The Zona Plus is a software-controlled device that works to lower blood pressure through handgrip therapy. Due to the technology used in this device, it can personalize therapy sessions based on your maximal grip strength. For maximal results, you should complete one session a day, five days a week.

When using the device, you will begin each therapy session by squeezing the grip as hard as you can with each hand. This will establish a baseline grip strength for that day’s session. Then, you will complete a 12-minute session that involves alternating hands every two minutes for a total of three two-minute sets on each hand.

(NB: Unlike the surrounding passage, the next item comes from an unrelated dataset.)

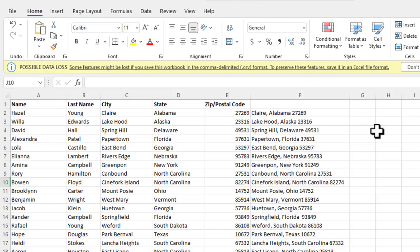Again, you could lose special characters, things like that. So you want to make sure that you save it as Excel first. It's very important and then save it as a CSV.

These two-minute sets are designed and monitored by the device, meaning that you must simply follow the directions provided by the device as to how hard to squeeze the handle throughout the therapy session. Each daily session will be different based on your grip strength that day.

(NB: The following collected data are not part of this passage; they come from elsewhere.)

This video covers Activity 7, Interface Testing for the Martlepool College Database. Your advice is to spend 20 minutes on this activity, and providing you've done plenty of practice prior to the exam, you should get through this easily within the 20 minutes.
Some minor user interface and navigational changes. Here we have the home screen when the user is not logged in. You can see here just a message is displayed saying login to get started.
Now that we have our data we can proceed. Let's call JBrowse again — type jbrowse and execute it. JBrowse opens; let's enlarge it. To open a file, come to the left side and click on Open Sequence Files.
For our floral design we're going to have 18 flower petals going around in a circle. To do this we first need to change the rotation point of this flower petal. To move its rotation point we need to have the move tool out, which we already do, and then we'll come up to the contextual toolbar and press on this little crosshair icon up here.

As you continue to use the Zona Plus, you will note decreased blood pressure as well as increased grip strength. The Zona Plus serves as an isometric exercise, meaning that you are contracting and strengthening the muscles without moving them through an active range of motion.

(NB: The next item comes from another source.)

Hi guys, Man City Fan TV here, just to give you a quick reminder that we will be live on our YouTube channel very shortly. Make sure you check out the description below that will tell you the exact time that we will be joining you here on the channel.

Isometric exercises have been shown to calm the fight-or-flight response, which is activated by sympathetic nervous system. This response constricts blood vessels, increases heart rate and breathing rate, and dilates the pupils. All of these cause an increase in blood pressure. By reducing sympathetic nervous system activation, isometric exercises can lower blood pressure by dilating blood vessels and reducing the workload placed on the heart.

Does Medicare Cover Zona Plus?

Medicare does offer some treatments for hypertension depending on the specific case. However, Medicare recipients are often not eligible to receive coverage for Zona Plus devices. These devices are not deemed medically-necessary and are therefore not eligible for Medicare coverage. While these tools can effectively lower high blood pressure, they are not commonly used to do so, and other treatment methods are often preferred.

If you do suffer from high blood pressure, there are alternative methods that can be covered by Medicare. One of the most common of these is the use of medications. While Original Medicare does not cover medications, a stand alone Part D Prescription Drug Plan (PDP) or Medicare Advantage plan with prescription drug coverage can help cover the cost of prescriptions that are highly effective at reducing blood pressure levels.

Additionally, blood pressure can be regulated by lifestyle changes, such as weight loss, dietary choices, smoking cessation, stress reduction, and others. Medicare Part B will cover an annual wellness exam and any medically necessary tests or treatments required to manage a condition causing high blood pressure. Part B also includes therapy and counseling sessions for smoking, weight loss, and more. These treatments may require that you pay your premium payment, deductible, and 20 percent of the Medicare-approved amount. If you are admitted into an inpatient facility, like a hospital, blood pressure treatments will be covered by Medicare Part A, requiring you to pay only your annual deductible.